Mich. Looks at Worst-Case 20 Percent Budget Cuts
November 11, 2009
By KATHY BARKS HOFFMAN
Associated Press Writer
LANSING, Mich. -- Michigan's governor warned Tuesday of a possible 20 percent cut in state spending next year, a draconian step after billions in cuts since 2003 have already dented police and fire services, pushed schools toward insolvency and reduced oversight of prison inmates.
The request from Gov. Jennifer Granholm is a further blow to health care providers, state police, universities and others dependent on public money in a state where revenues, adjusted for inflation, are at about the same level as in 1965.
Double-digit cuts likely mean double-digit university tuition increases, for example.
"I'm certainly having to take a job to find extra income to offset some of these (scholarship) cuts," says Mitch Rivard, a 19-year-old Michigan State University junior from Bay City. "We're going to see a very big gap in terms of who is be able to attend college if these cuts continue."

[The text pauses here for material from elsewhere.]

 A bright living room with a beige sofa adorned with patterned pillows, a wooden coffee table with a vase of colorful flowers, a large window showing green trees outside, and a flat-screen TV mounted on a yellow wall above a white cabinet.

The state filled a deficit in the budget year that started Oct. 1 by cutting nearly $1.9 billion from spending and relying on about $1 billion in federal stimulus money that won't be available next year. Most departments lost 10 percent from their budgets. So Granholm is laying out a worst-case scenario, asking departments to lay out proposed cuts twice as deep as what they are now absorbing.
Granholm's office says state budget director Bob Emerson is predicting next fiscal year's deficit could hit $1.4 billion - with little remaining federal recovery money to cushion the blow.

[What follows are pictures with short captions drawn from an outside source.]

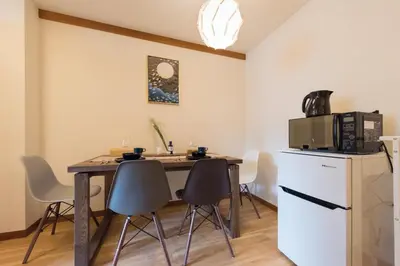 a kitchen with a table with chairs and a microwave at Tora Hotel Ueno - Vacation STAY 52811v in Tokyo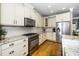 Bright kitchen with stainless steel appliances, granite countertops, and a classic subway tile backsplash at 321 Third Ave, Knightdale, NC 27545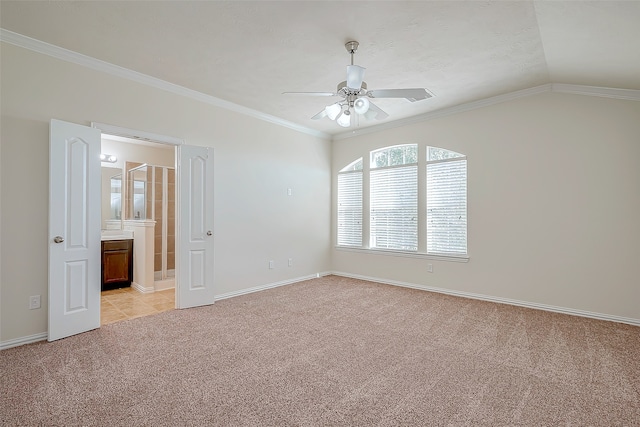 unfurnished room with ceiling fan, ornamental molding, light carpet, and vaulted ceiling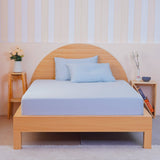 SHEET STORY Bedding Set in light blue, featuring a fitted sheet and pillowcases on a wooden bed frame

While many states are having fiscal woes, few have struggled as mightily as Michigan. Less revenue is rolling in from income, sales and property taxes, while the highest-in-the-nation 15.3 percent jobless rate has spurred demand for food stamps, health care and unemployment checks.

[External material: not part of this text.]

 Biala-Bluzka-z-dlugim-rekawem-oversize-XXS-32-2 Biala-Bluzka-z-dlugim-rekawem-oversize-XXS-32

Even California, which notoriously had to pay its bills with IOUs earlier this year, managed to raise taxes to help get its finances back on track. At least 20 states are fighting to find enough money to pay for the programs they agreed to earlier this year.
Michigan's revenue falloff of about 12 percent isn't as sharp as in Alaska, where a drop in oil prices was expected to lower state revenues in the current fiscal year by 45 percent, according to the National Conference of State Legislatures.
In Iowa, where Gov. Chet Culver just ordered an across-the-board 10 percent cut for departments getting general fund money, or in Louisiana and Wyoming, where revenues are falling by double-digit amounts, the pain is just as real.
But where other states have seen their revenues fall below expectations for the past year or two because of the latest recession, Michigan has never recovered from the spiral that began a decade ago. More than $10 billion in deficits have been resolved since 2003.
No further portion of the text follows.